Due to my recent photographic inactivity, I've missed out on a number of seasonal highlights and I can't help feeling a little disappointed that this year I haven't visited the Gannet colony at Bempton Cliffs on the North East Yorkshire coast.
This site is without doubt one of the best places on earth to see these spectacular Sea Birds at close quarters...
A visit in late may or early June is recommended because the birds are very active in courtship and nest building activities, not to mention some amazing aerial displays...
Once a very rare spot, the Little Ringed Plover has become something of a success story in recent years. Although still almost exclusively confined to the reservoirs and gravel pits of England and a few small areas of Wales, UK breeding numbers are now around the 1000 pair mark.
These beautiful little Waders arrive on our shores in March and have usually bred and migrated by early July.
A couple of posts back I shared some shots of Rabbits taken at a picnic area close to the River Goyt in Stockport.

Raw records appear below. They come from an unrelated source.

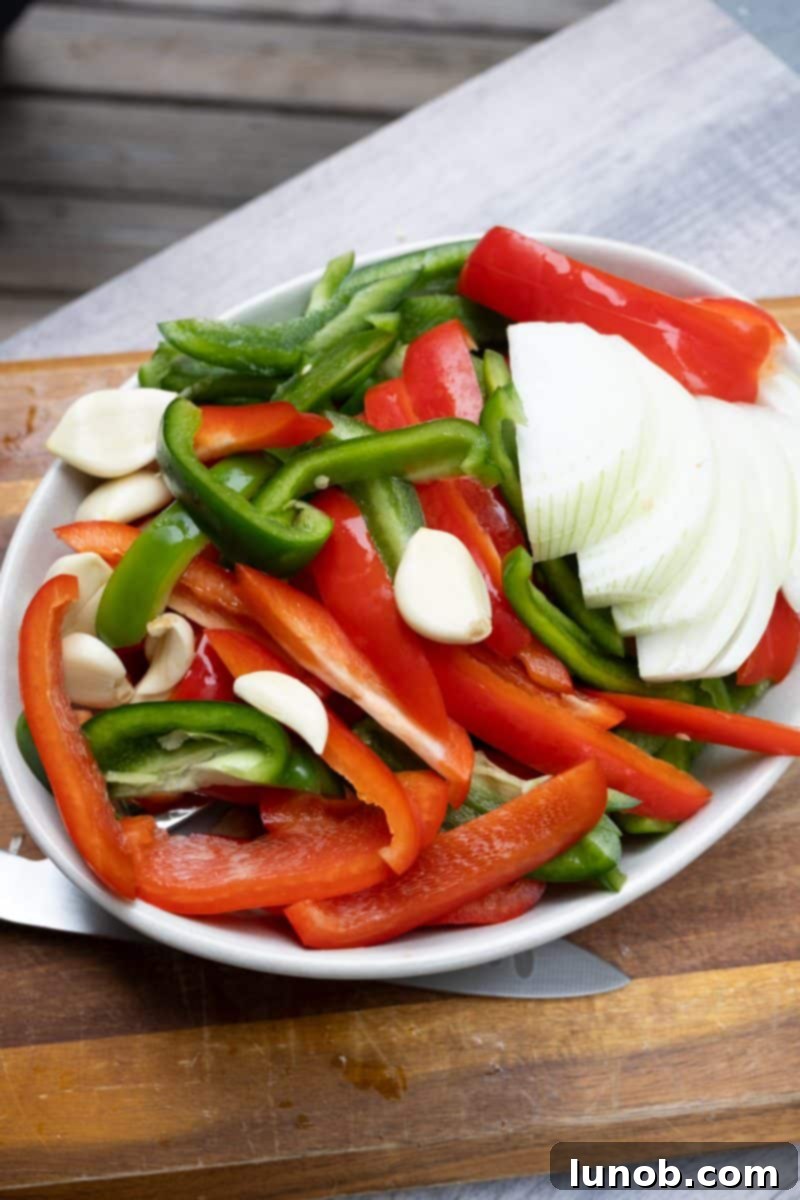 Rustic Italian Sausage Skillet 4 Sautéing peppers, onions, and garlic in a cast iron pan on the grill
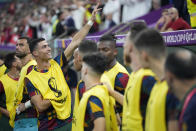 Portugal's Cristiano Ronaldo waves as he arrives to take his seat on the bench prior the start of the World Cup round of 16 soccer match between Portugal and Switzerland, at the Lusail Stadium in Lusail, Qatar, on Tuesday, Dec. 6, 2022. (AP Photo/Pavel Golovkin)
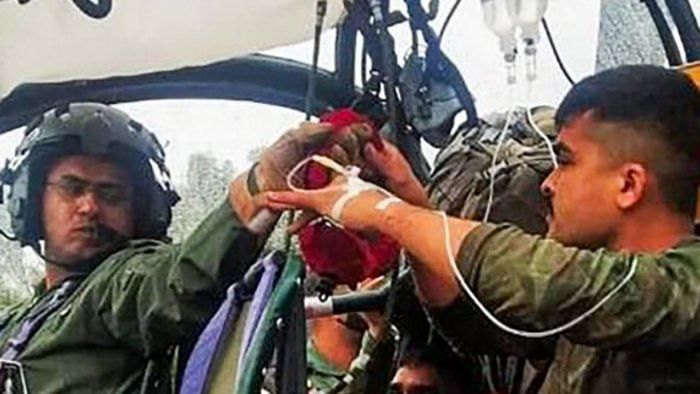 Injured soldiers being airlifted after their convoy was attacked by militants, in Churachandpur district. Credit: PTI Photo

You may recall I mentioned a wild flower meadow which is the usual place to spot these creatures in this particular area and this reminded me of a shot I took a few years ago of a Bunny hiding amongst the wild flowers.

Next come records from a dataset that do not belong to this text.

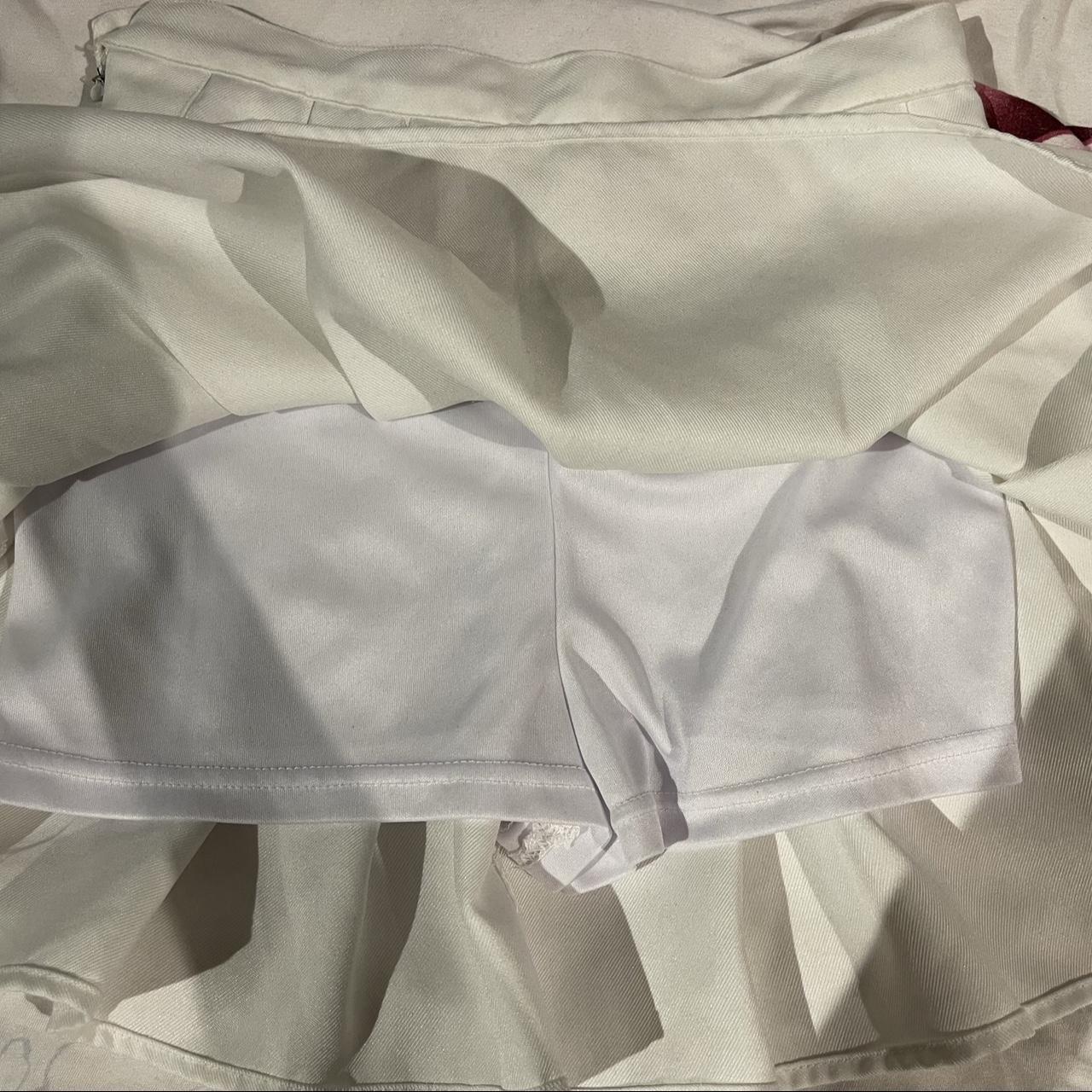 white tennis skirt, worn a few times, its got built... - Depop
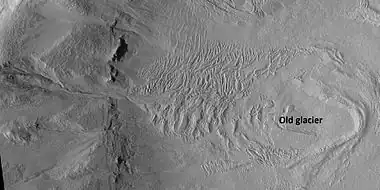 Glacier on a crater floor, as seen by HiRISE under HiWish program  The cracks in the glacier may be crevasses.  There is also a gully system on the crater wall.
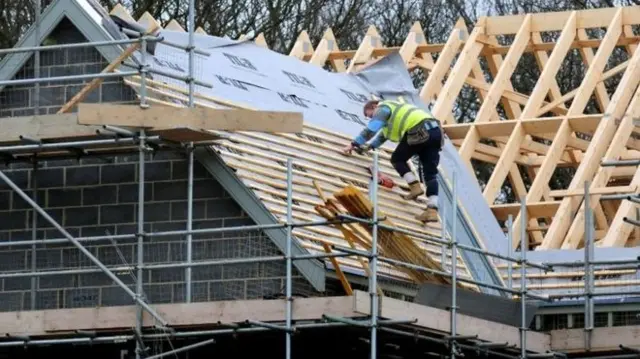 Builder on roof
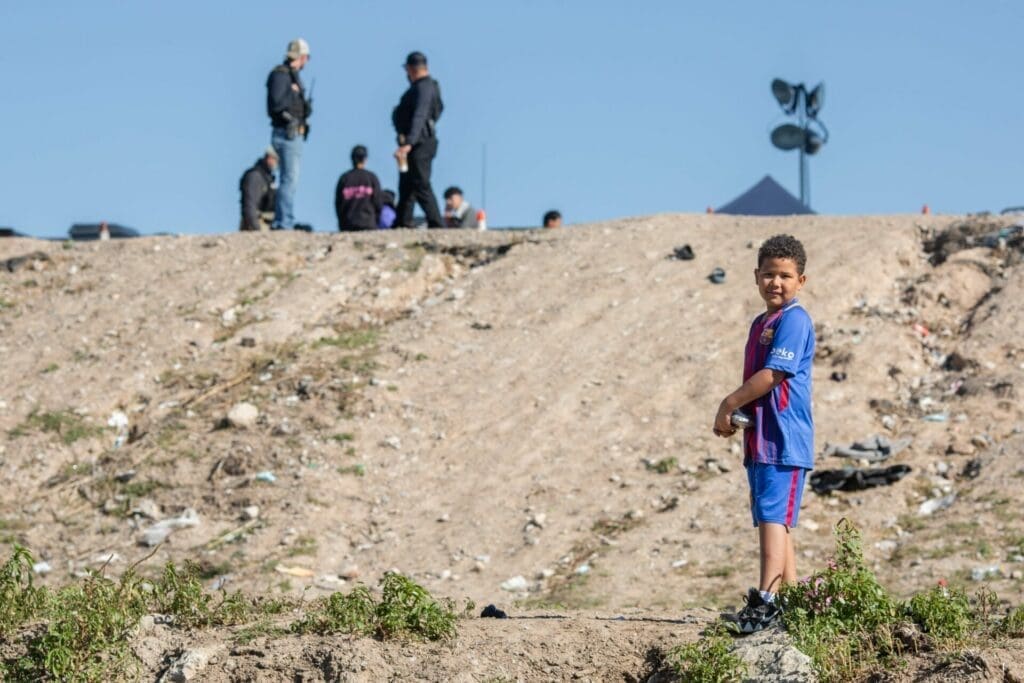 An unaccompanied boy in a blue outfit stands near a rocky hill, staring at the camera.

I've always been quite fond of this picture because it proved very tricky to get somewhere near the effect I was after and I must have shot 50 frames to achieve it!

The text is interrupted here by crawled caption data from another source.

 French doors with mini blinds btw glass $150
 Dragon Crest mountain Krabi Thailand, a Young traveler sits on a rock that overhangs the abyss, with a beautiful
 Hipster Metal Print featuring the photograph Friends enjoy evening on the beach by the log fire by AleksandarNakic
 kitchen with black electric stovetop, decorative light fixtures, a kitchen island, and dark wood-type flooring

I was trying to focus on the Rabbits eye which was easier said than done because I was shooting through tall grass and flora.
Everytime I thought I had the focus right, the auto-focus would decided otherwise and it became a very frustrating business!
In the end I switched to manual focus and got this shot...
Ok, it's not by any means the greatest photograph in the world, but I like the colours and everytime I see it, it reminds me of the troubles I had getting it!
Wildlife is always all around us, but so wary is it of human beings it can quite easily go unnoticed.
There is an old saying about siting still and quiet in some wild place and within 15 minutes everything will return to normal...That is nature will carry on with it's business.
A good case in point occurred on my travels this morning...
I took a walk to a spot along the River Goyt close to my home which is usually a good vantage point for species such as Kingfisher, Dipper and Grey Wagtail to name just a few.
To gain access to this spot, I have to walk by meadows full of tall wild flower and grasses before passing through a mowed picnic area by the rivers edge.
The tall meadows play host to a variety of species and are a favourite feeding place for Rabbits because of the excellent cover it provides against predators such as Foxes and Buzzards which are plentiful in this area.
I arrived at the riverbank at around 8am after spending two hours trying to motivate myself to actually get out with the camera!
After spending 20 or so fruitless minutes scanning the river for the before mentioned target species I decided to try my luck elsewhere and headed back towards the picnic area which I had walked through before.
To my surprise the place had come to life and a dozen or so Rabbits were spread around busily feeding on the plentiful Clover flowers that were thriving on this patch of maintained land.
The Clover certainly was proving irresistible to the Bunnies, because these usually most timid of creatures were so intensely eating that they didn't seem to mind my presence and even allowed me to get within a few feet of them on open ground!